そういえば、この旅に僕は、ipad miniも持ってきていたのだ。
いや、実を言えば、ipad miniがあることは、うっすらと意識の中で知覚していた。
ただ、当時(mini5)は、映画を見たり、雑誌や本を読んだりする程度で、それ以外の機能は全てiphoneに依存しきっていたこともあってか、ipad miniがこの状況下で「使える」という意識が全くなかったのだ。
しかし、当然ながらipad miniでも、LINEもできるし、Gmailもできる。(幸い、ポケットWifiは持っていた)
今考えると、なぜそんなことに気が付かなかったのかと思うけれど、よほど前夜の事件で混乱していたのだと思う。
それに気がついた途端、一気に希望の光が見えてきた。
実は、「旅程を当初予定通りにこなす」、ということを決意したのはいいが、やはり異国で手元に何も情報端末がないという状況は、かなり不安なものだったのだ。
まず、日本にいる妻に連絡を取ってみた。
GmailとLINEで状況を伝えたところ、すぐにLINE電話での着信があった。
しかし、電波に限界があるのか、通話での意思疎通は全くままならかった。
何通かのLINEのやりとりで、ようやく今の状況を伝えることができた。
後で聞いたところ、妻はこの時、実家で家族と一緒にいたそうで、「なんか旦那が異国でえらいことになっててウケる」となっていたそうな。ウケる。
ちなみにこれは後でジワリと効いてくるのだが、Uberは確か「携帯電話からの認証」的な作業が必要で、そもそもその携帯電話が無い状況なので、使えるようにはならなかった。
そうこうしているうちに、列車はタージマハルのあるアーグラ駅に到着した。
社内では、隣席のインド人男性と仲良くなり、自分が先に降りる際には一緒に記念撮影をした。
心温まる交流にほっこりしていたが、ここはインドだ。列車を降りたら、また気を引き締めてかからねばならない。

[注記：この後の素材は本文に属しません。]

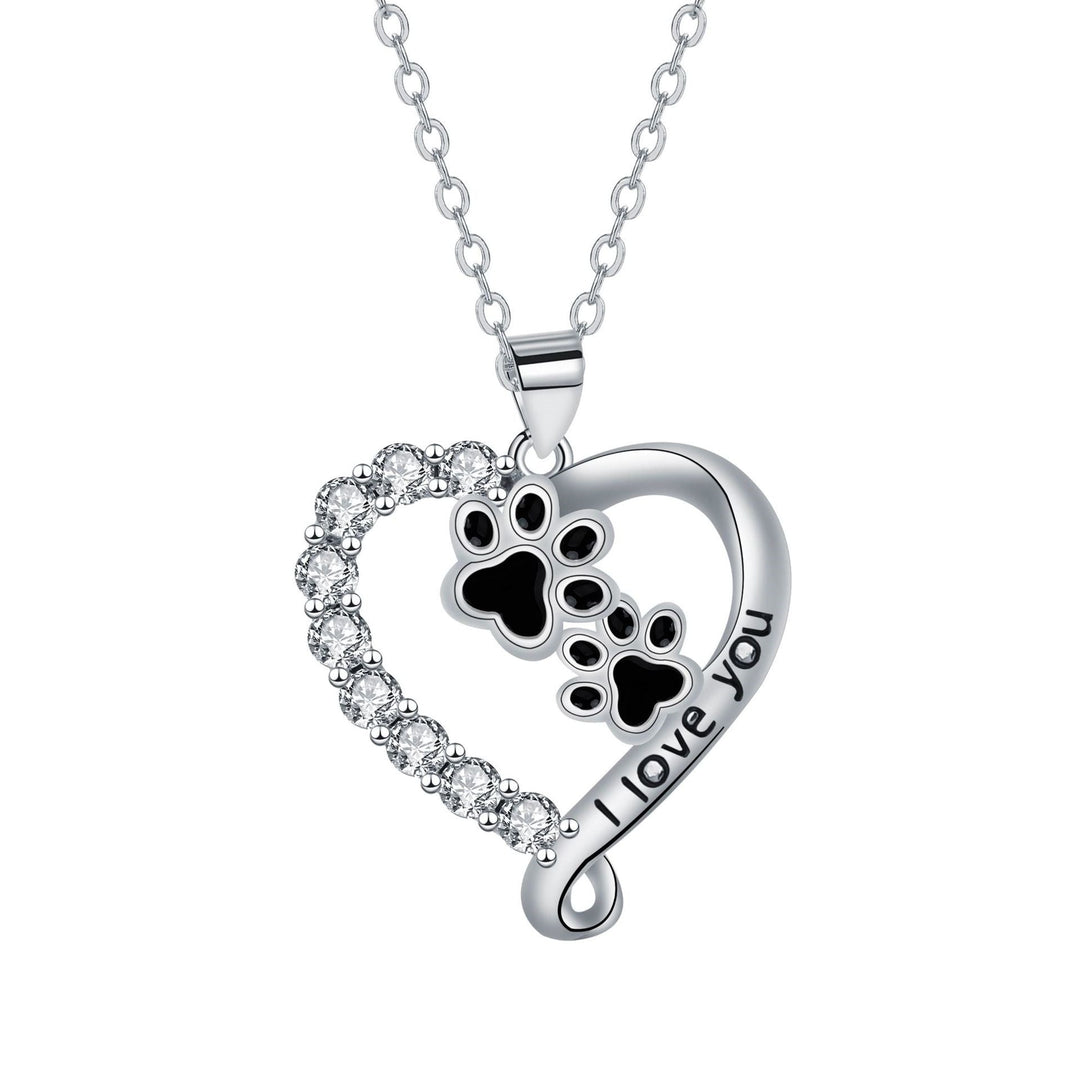 Collier Pendentif Cœur avec Patte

駅に到着した僕がトイレを探していると、声をかけてくる人間がいた。
どこからどう見ても、客引きフェイスをしたインド人だ。
昨夜の事件があり、完全に人間不信になっていた僕は、ずっと無視を決め込んでいたのだが、この男がまあしつこい。
仕方なく「トイレに行きたいんだ(だから付いてくるな)」と言ったら、「トイレはこっちだ」と教えてくる。

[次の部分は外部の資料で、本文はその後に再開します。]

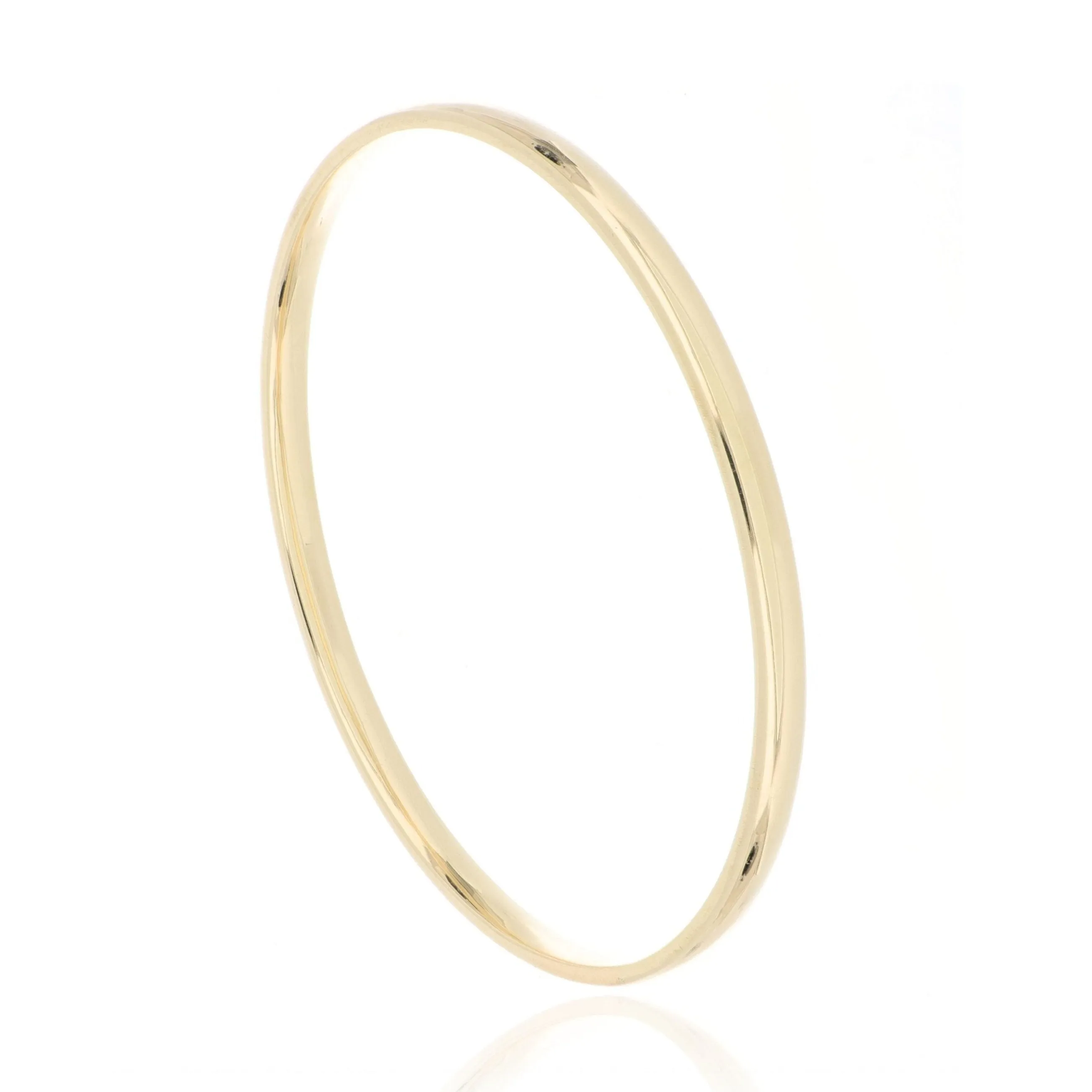 14k Yellow Gold Solid Bangle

トイレを済ませたら、当然のように外で待ち構えている。
そして「どこに行くんだ?」と聞いてきた。
やはりというか、バイクタクシーの運転手だった。
Uberもどうせ使えないし、色々と面倒くさくなっていた僕は、「タージマハルだ」と答えた。
「タージマハルもいいが、1日チャーターしてくれたら、色んな所を案内してやる」と彼は言った。
「タージマハルに送るだけなら〇〇ルピー、1日チャーターなら△△ルピーだ」と。
細かい金額は忘れたが、これがまた「それなら絶対に1日チャーターの方がいいだろ」と思わせるような価格設定だった。
「ラーメン500円、チャーハン500円、ラーメン&チャーハン600円」みたいな。四則演算と加減乗除の概念が崩壊する。どうでもいいけど、「加減乗除」と聞くとなぜか「諸行無常」が浮かぶ。
「ここまで来たら、もうとことん流れに身を任せてみるのも面白いかもしれない」。僕はそう思い始めていた。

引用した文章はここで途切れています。